Except that if you’re an exceptional candidate you might get uplevelled or they might find money in the budget for you that didn’t previously exist for the role (more so if it’s a small company)

By asking these questions up front you might weed yourself out even though the role might have been a good match.

In my experience those are unlikely events and you save a ton of time by asking directly.

Especially if you make X and they reply with X - 20% (or worse).

Meh, that happens super rarely. Most people are never the perfect match, and the people who land on their supposed perfect role and not care about money are way too young to be that valuable for the company anyway.

Plus we don't work for glory and smiles. A while ago I always made it clear during interviews that I don't enjoy the money negotiations -- of course, that has been used against me so I learned to keep my wits about myself, and nowadays I am like "sure we like each other but I still would not work if I had my needs covered so what are you paying?" (obviously not asked in that form, of course).

Just based on your comment, I would have asked the candidate if he/she would be available outside 9-5 hours in case of an emergency, understanding that the organization will do as much as possible to stay 9-5. I have seen several employees not caring about that detail which can harm the organization.
Symptom of an organization that doesn't plan and instead of budgeting for 1.3x employees for outside hours support, budgets for ~0.9x and extracts the rest with "expectation".
What size of organization are you talking about? There is a huge spectrum between startups and established corporations. Also, organizations of all sizes have planning errors.
Well, this thread was about setting a boundary of 9-5...would people go to a startup expecting that?

So...definitely for larger orgs, where "emergency availability" would be a big red flag, unless one explicitly opted into a (compensated) on call rota.
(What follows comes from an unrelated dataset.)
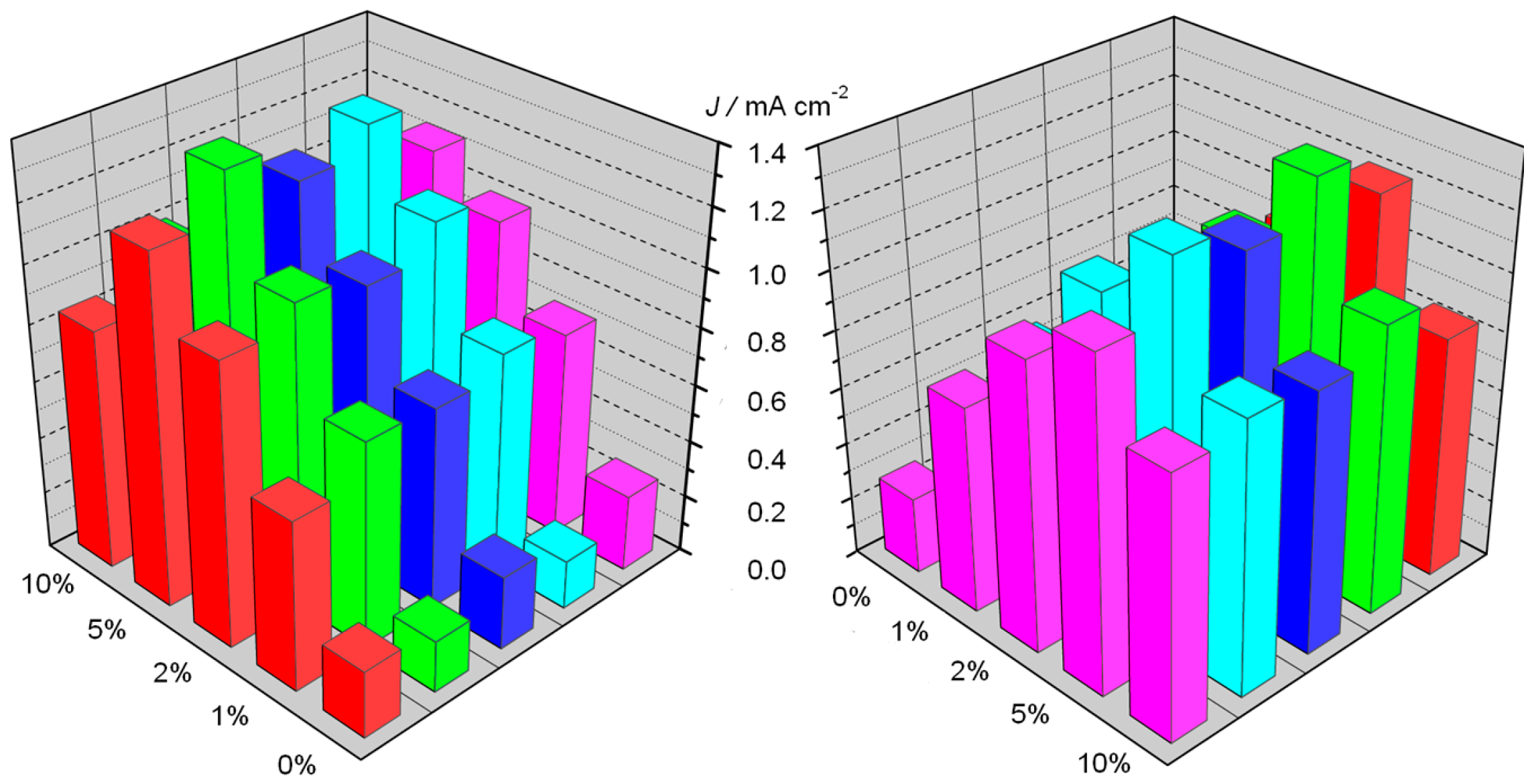 Molecules 21 00942 g007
I guess one can make an exception for very early career, but again this was about setting a 9-5 boundary

Im always surprised these things are not calculated into the salary. For a startup, if you can get a very competent dev willing to take a salary cut it seems worth considering. They would bring sanity to the crap one writes when awake for 30 hours+
"Sure, I'm available. How often do emergencies happen, and do you have a retro for every one afterwards?"
Nah, not retro. How/when did you implement the actions observed during retros? What was the average delay in terms of number of sprints?
Some roles don't require this.
Sure, obviously I was referring to roles where it could happen and/or include help others in your team when an emergency situation arises.